Effects of climate and vegetation on soil nutrients and chemistry in the Great Basin studied along a latitudinal-elevational climate gradient

Abstract

Climate (precipitation and temperature) and vegetation cover strongly influence surface soil chemical and nutrient properties. The objectives of our study were to quantify the responsiveness of soil chemical properties to climate gradients and how the presence of plant canopies modulates this responsiveness in the arid ecosystems of the Great Basin of Nevada, U.S.A. We measured chemical properties of surface soils sampled from between- and under-canopy microsites along a latitudinal-elevational climate gradient with similar underlying geology to quantify responses to climate alone (between-canopy) and to climate and vegetation combined (under-canopy). Only half of the ten soil chemical properties measured (pH, NH4-N, P, Mg2+, and K+) responded significantly to the large climate gradients without the influence of canopy cover.

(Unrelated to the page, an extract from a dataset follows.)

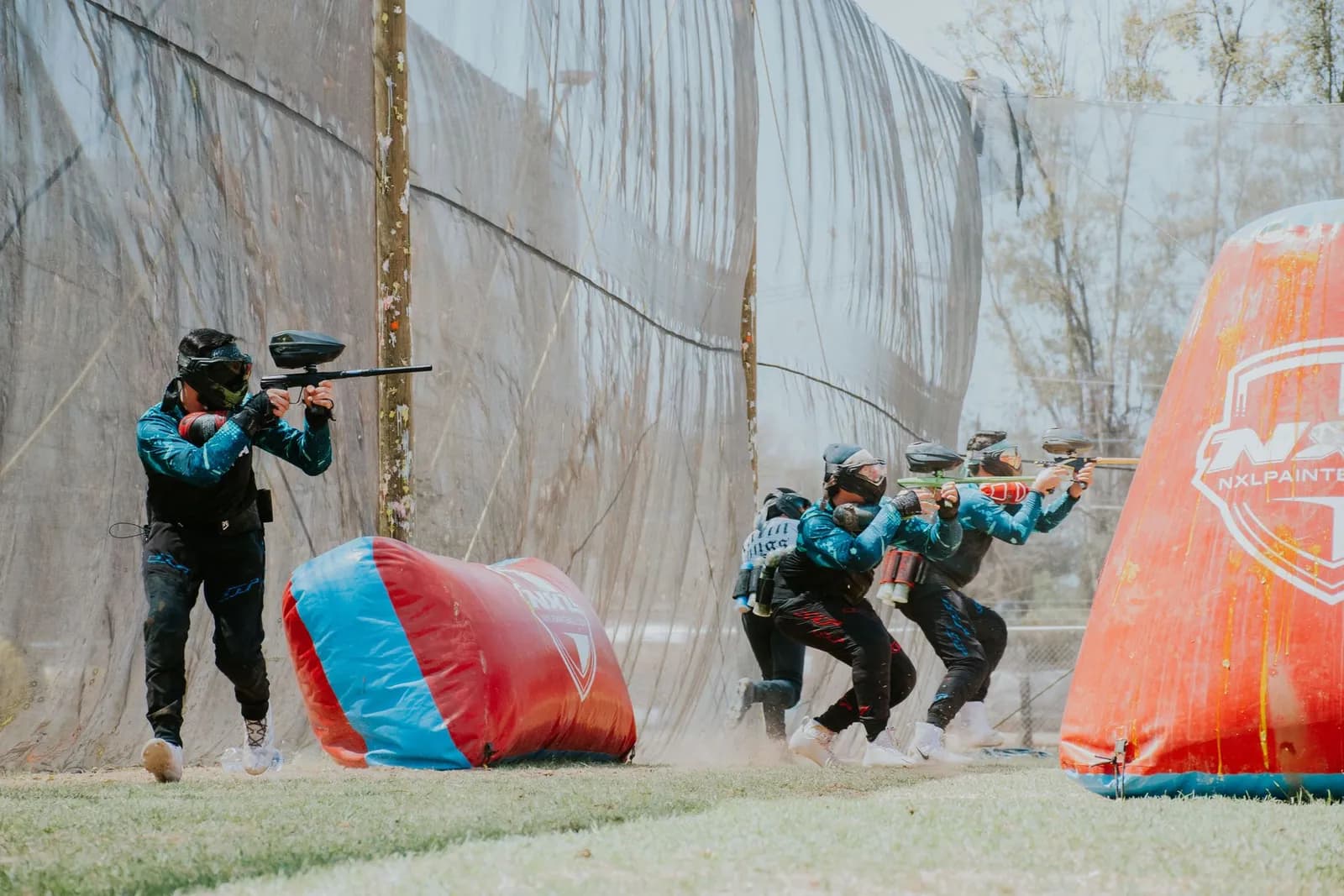 Équipe de joueurs de paintball avançant groupés derrière un obstacle gonflable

The presence of plant canopies significantly amplified both the climate responses and caused significant responses in additional soil chemical properties to climate gradients, especially for nitrate-N, calcium, total organic C, and total N. Our results suggest that vegetation canopy is a driving factor in defining how soil chemical properties of Great Basin ecosystems respond to climate and anthropogenic climate change.